* _Your assignment_: Copy out exactly the lines spanning the line with "Alphabet - Modern" to the line with "BAIM4D JACKPOT MENANG", inclusive, from the data underneath, with no pictures.

──────── Input material ────────

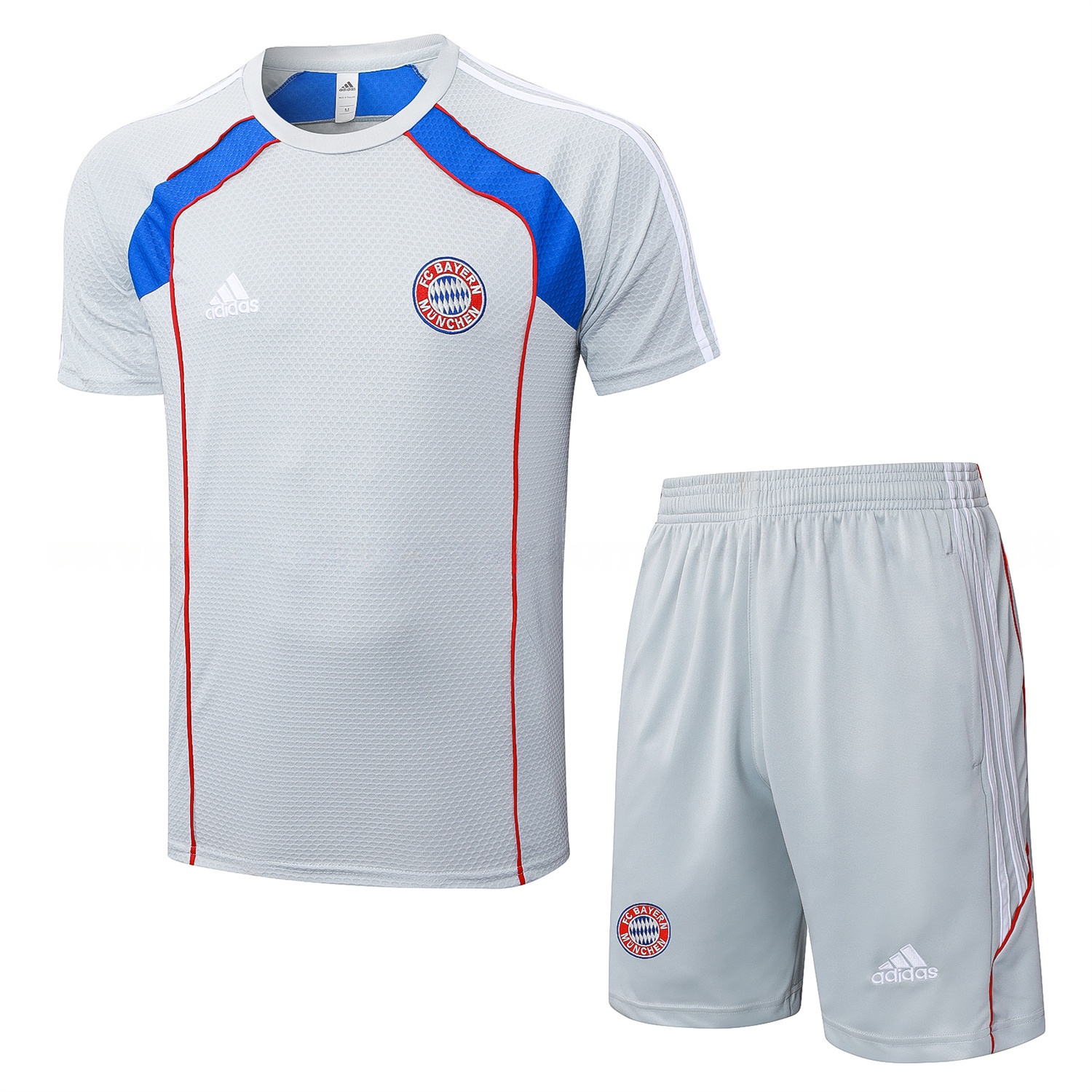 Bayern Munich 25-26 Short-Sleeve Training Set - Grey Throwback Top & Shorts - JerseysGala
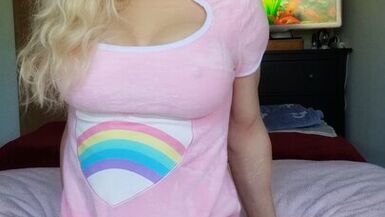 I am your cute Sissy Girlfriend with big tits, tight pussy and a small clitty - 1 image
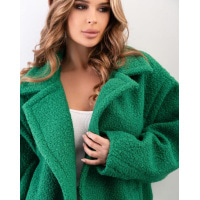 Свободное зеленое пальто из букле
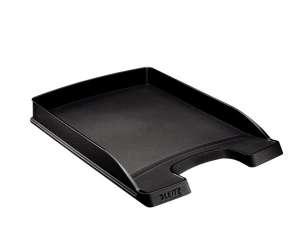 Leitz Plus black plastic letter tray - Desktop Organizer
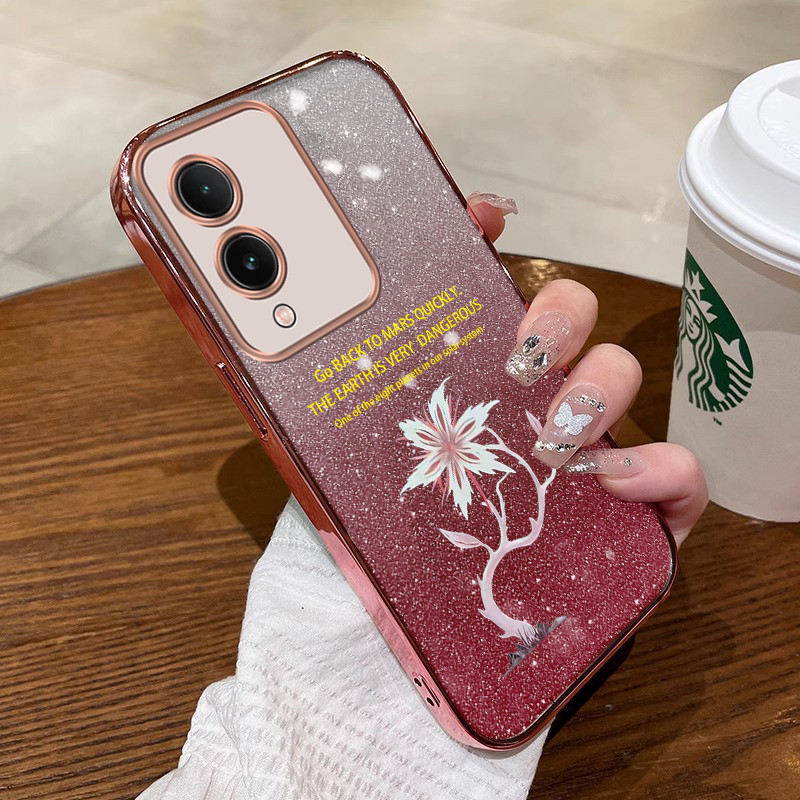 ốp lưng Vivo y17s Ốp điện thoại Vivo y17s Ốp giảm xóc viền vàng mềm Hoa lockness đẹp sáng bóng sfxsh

────────
──────── Input material ────────

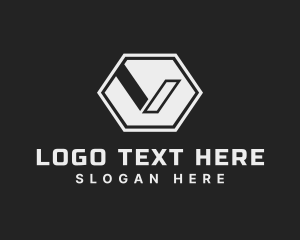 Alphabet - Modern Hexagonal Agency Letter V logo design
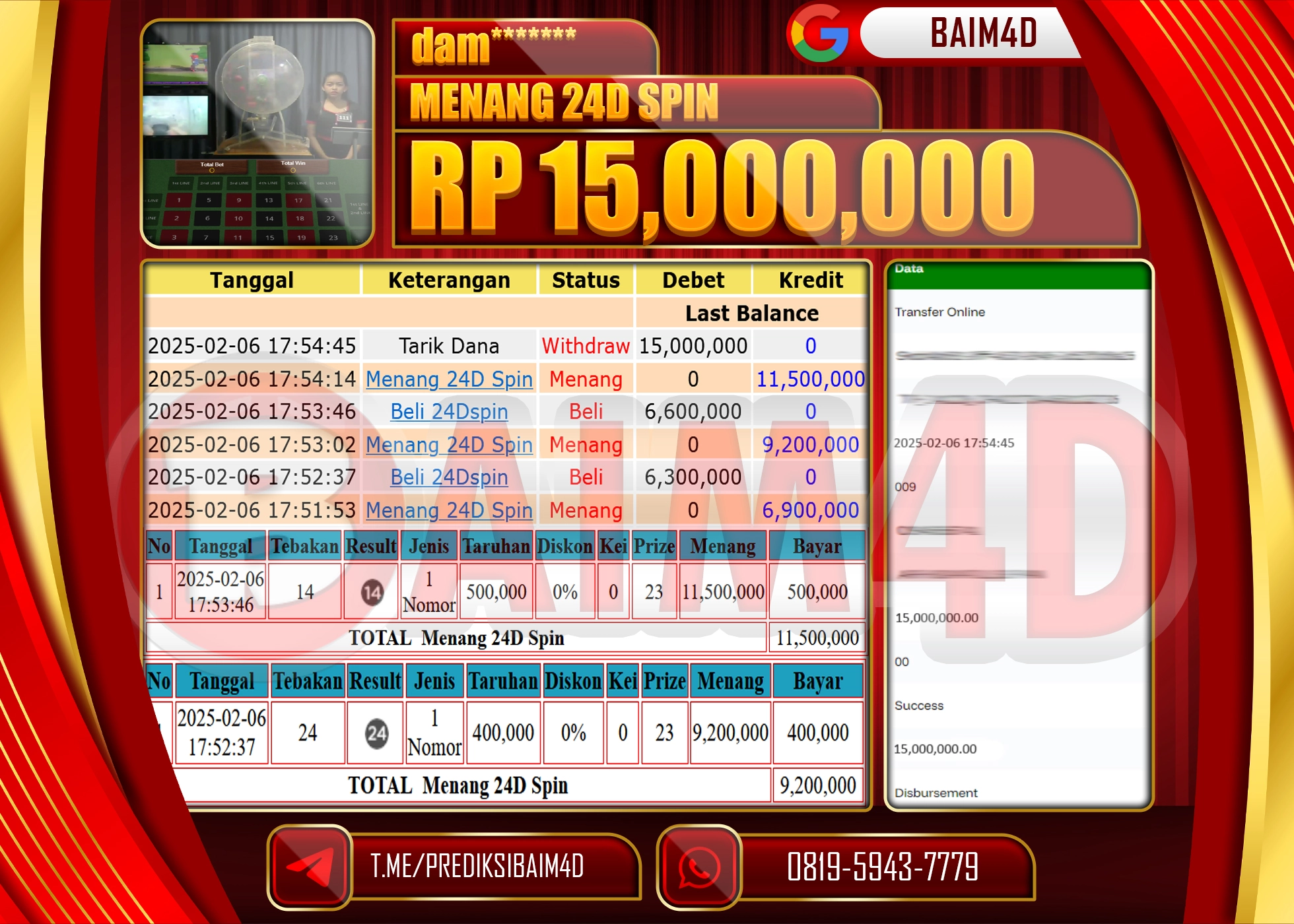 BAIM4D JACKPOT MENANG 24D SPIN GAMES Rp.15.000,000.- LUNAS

────────
──────── Input material ────────

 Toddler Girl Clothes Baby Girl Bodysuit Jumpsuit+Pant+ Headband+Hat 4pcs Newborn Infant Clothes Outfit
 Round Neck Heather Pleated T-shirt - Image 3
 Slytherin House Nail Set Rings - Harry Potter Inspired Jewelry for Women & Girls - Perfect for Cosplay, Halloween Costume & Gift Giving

────────

* _Exercise result_:
 Alphabet - Modern Hexagonal Agency Letter V logo design
 BAIM4D JACKPOT MENANG 24D SPIN GAMES Rp.15.000,000.- LUNAS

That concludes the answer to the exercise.